[Short descriptive text snippets]
[Start of section]

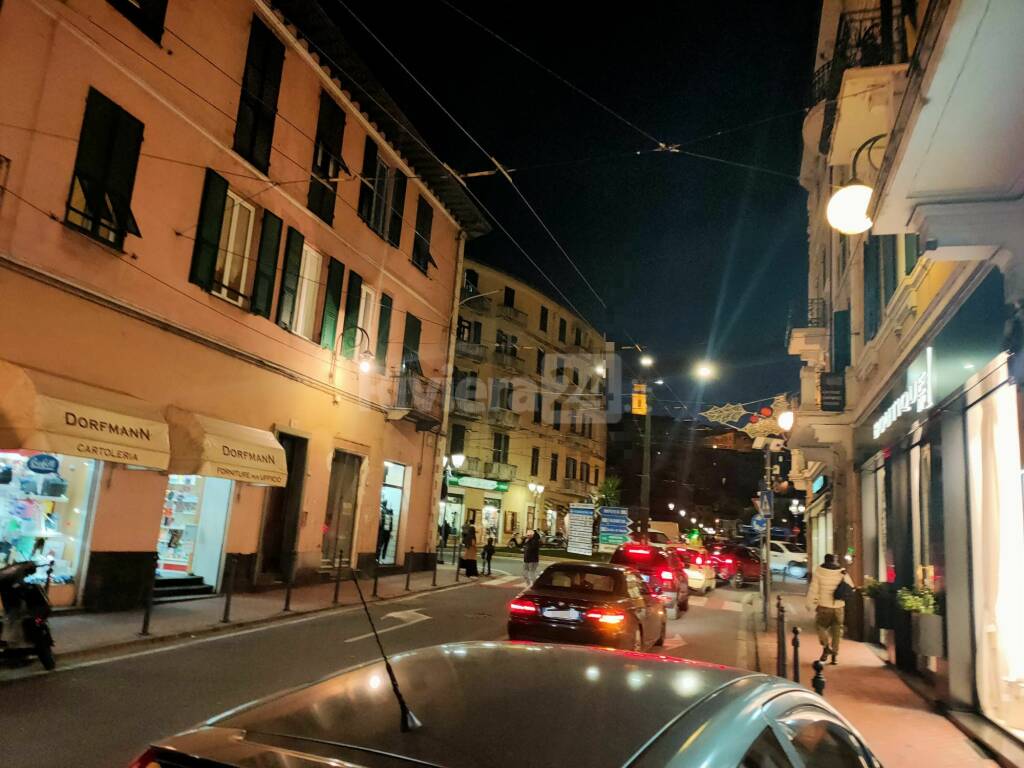 Ventimiglia, commercianti di via Cavour: «Troppi migranti allo sbando, i clienti scappano»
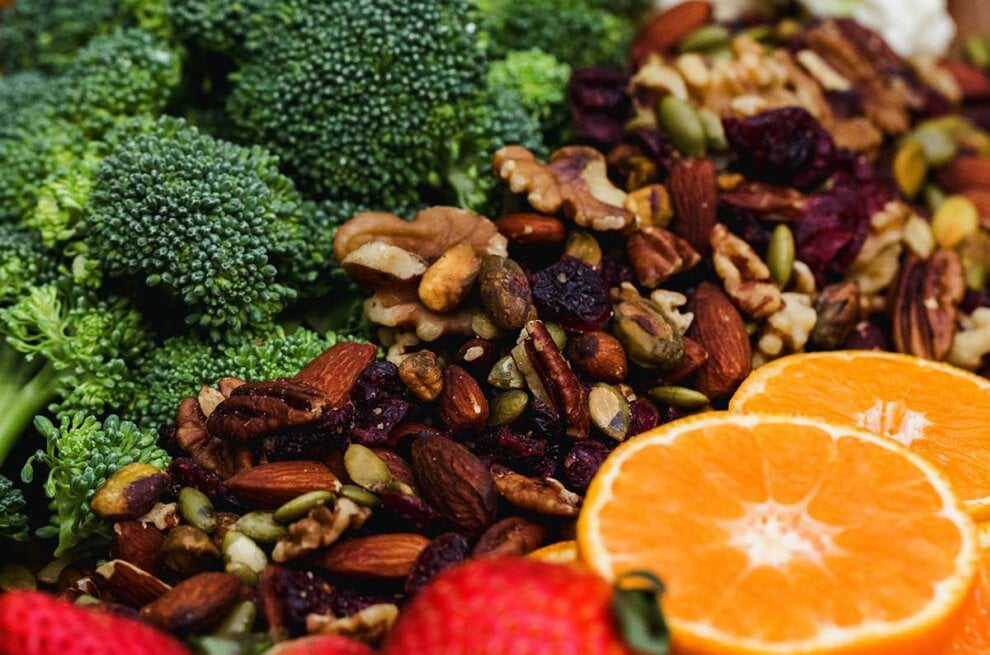 Gemuese mit Obst und Nuessen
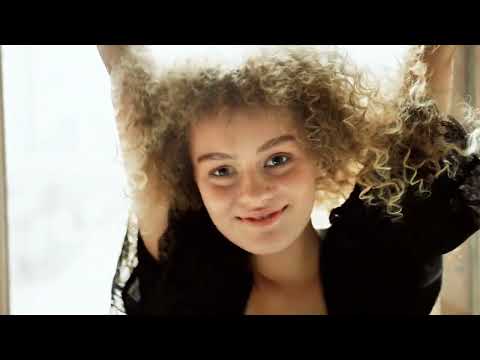 Видео: Біт Душі UA - Не Твоя (Ля-ля-ля) | Новий вірусний хіт - Цукерка (Не Твоя)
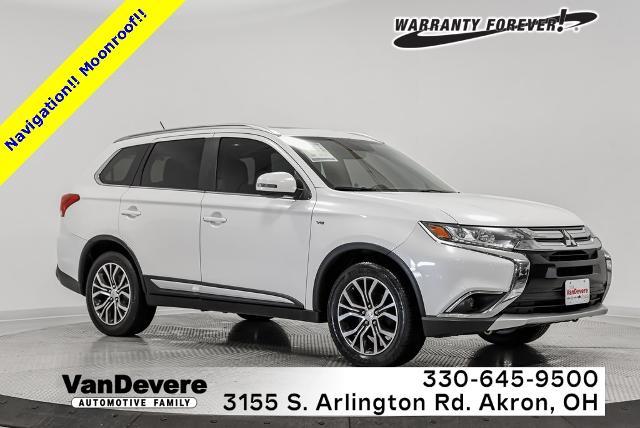 2016 Mitsubishi Outlander Vehicle Photo in Akron, OH 44312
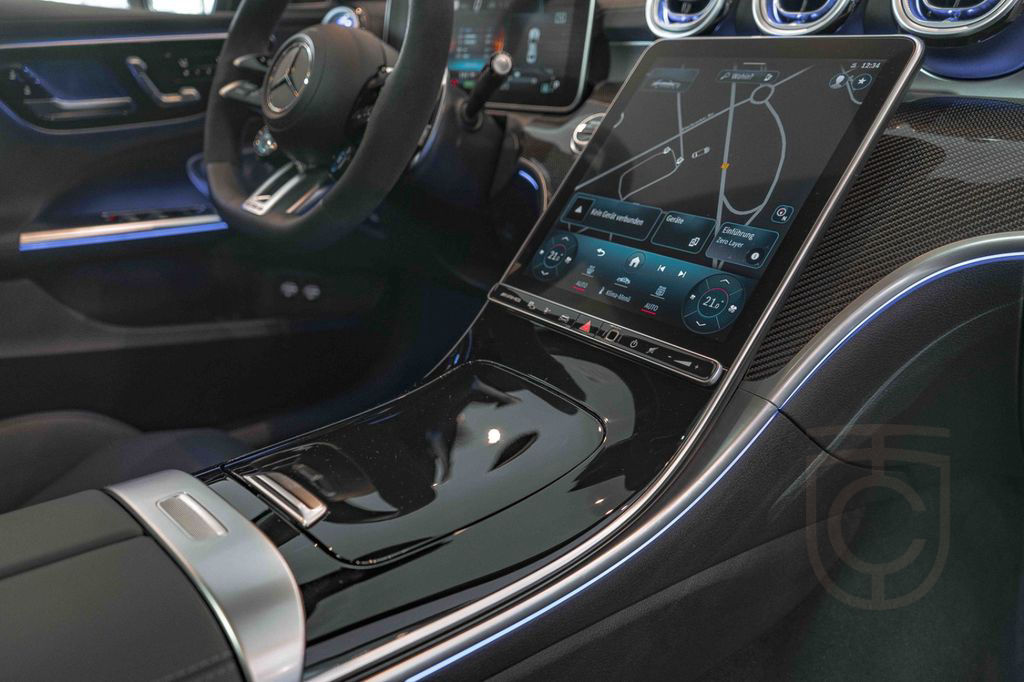 Mercedes-Benz C 63 AMG 4Matic+ S E Performance Carbon Aero HUD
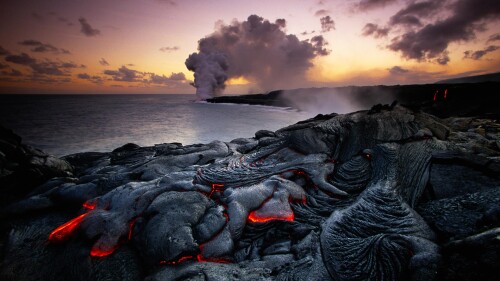 Kilauea-erupting-Volcanoes-National-Park-Hawaii-USA.jpg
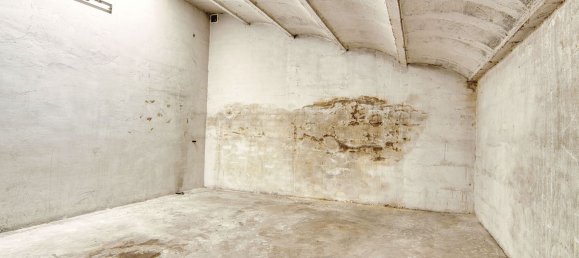 210m² Commercial property in Valladolid, Spain No. 28984 12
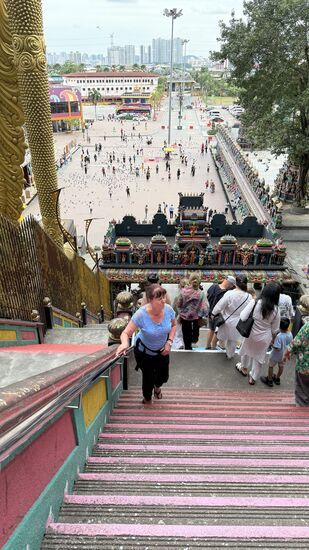 Frisch und voller Tatendrang geht es die 272 Stufen hinauf 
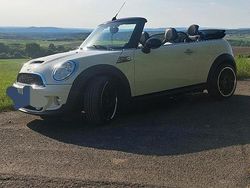 Weiß Gebraucht 2014 Mini Cooper S Kleinwagen | 12.400 € (Etwas zu teuer)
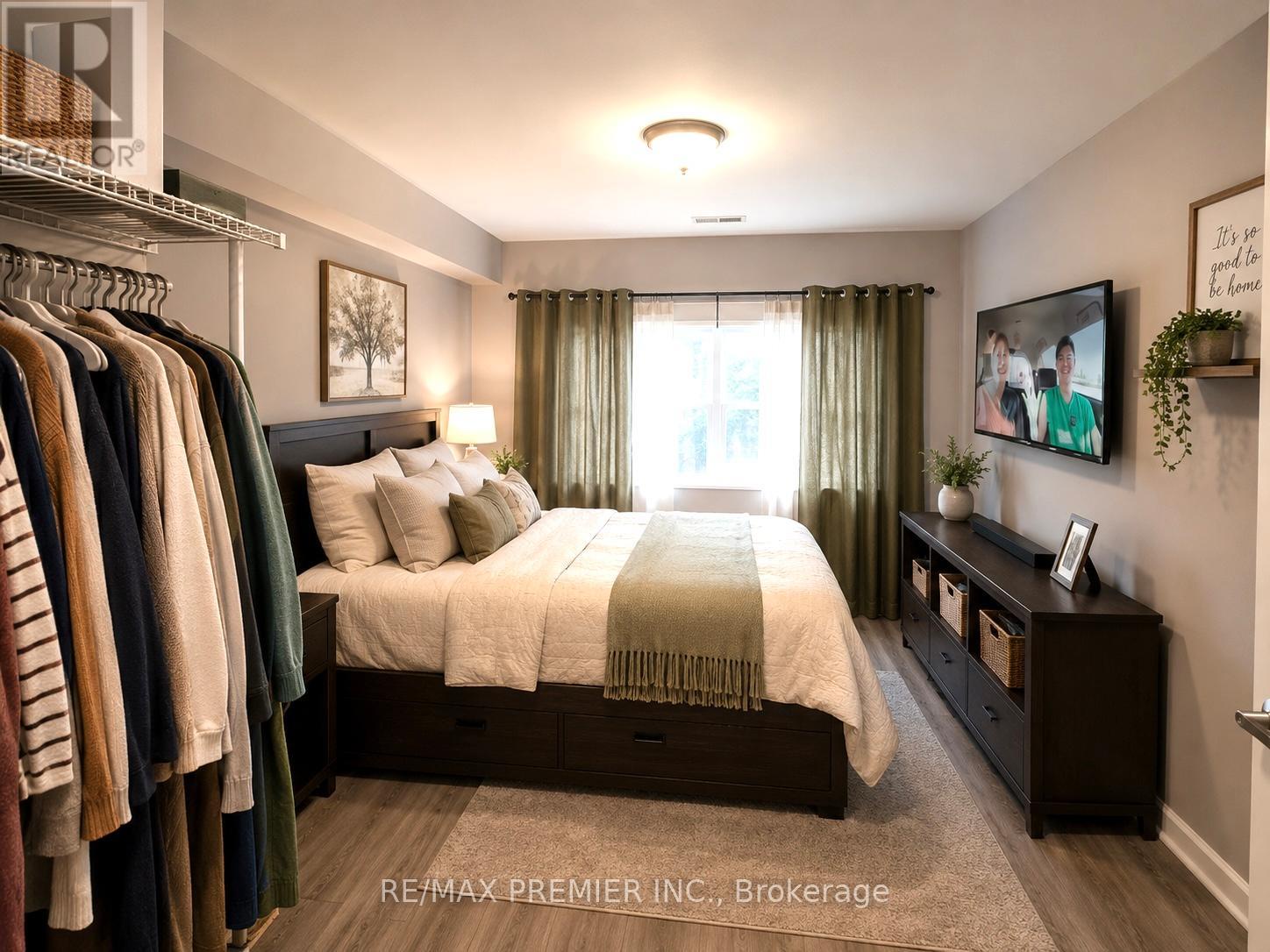 140 - 254 John Garland Boulevard, Toronto (west Humber-clairville), Ontario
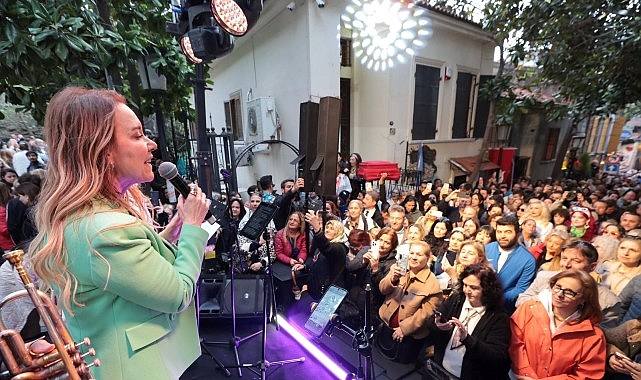 Konak Belediyesi’nin düzenlediği Dario Moreno Sokak Şenliği, her yaştan İzmirliyi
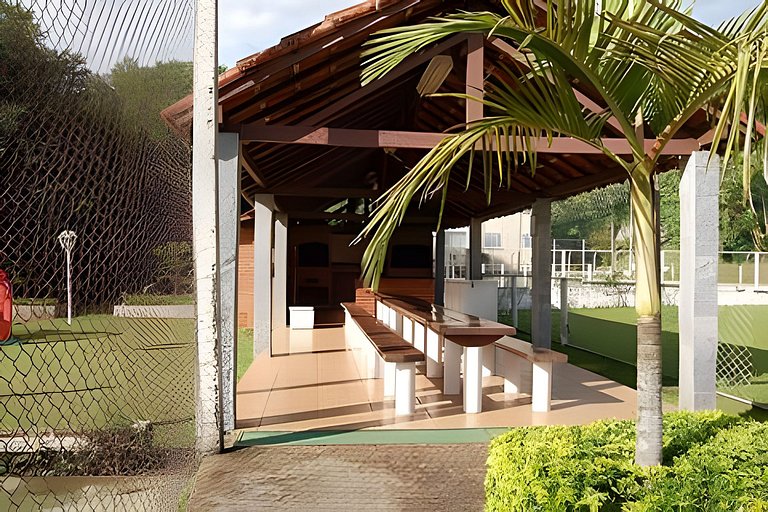 Confortável Flat Cavalinho Branco com lazer em Águas Lindóia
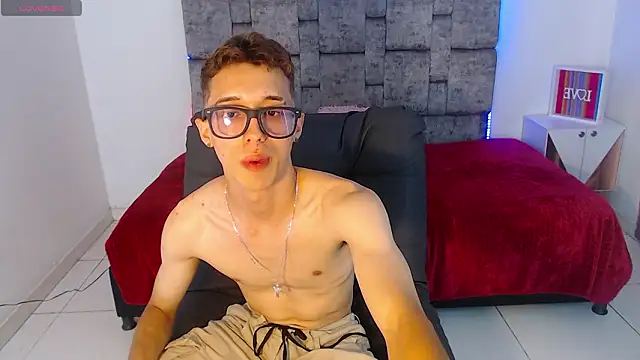 Snapshot of skinny_bigcock02 chatting on March 5, 9:22 pm skinny bigcock02 online show from March 5, 9:22 pm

[End of section]

▶ WHAT TO PRODUCE: Using the records above, print exactly the lines between the ones containing "Kilauea-erupting-Volcanoes-National-Park-Hawaii-USA.jpg" and "Weiß Gebraucht 2014", inclusive, and nothing else; no pictures.

▶ RESULT OF THE TASK:
 Kilauea-erupting-Volcanoes-National-Park-Hawaii-USA.jpg
 210m² Commercial property in Valladolid, Spain No. 28984 12
 Frisch und voller Tatendrang geht es die 272 Stufen hinauf 
 Weiß Gebraucht 2014 Mini Cooper S Kleinwagen | 12.400 € (Etwas zu teuer)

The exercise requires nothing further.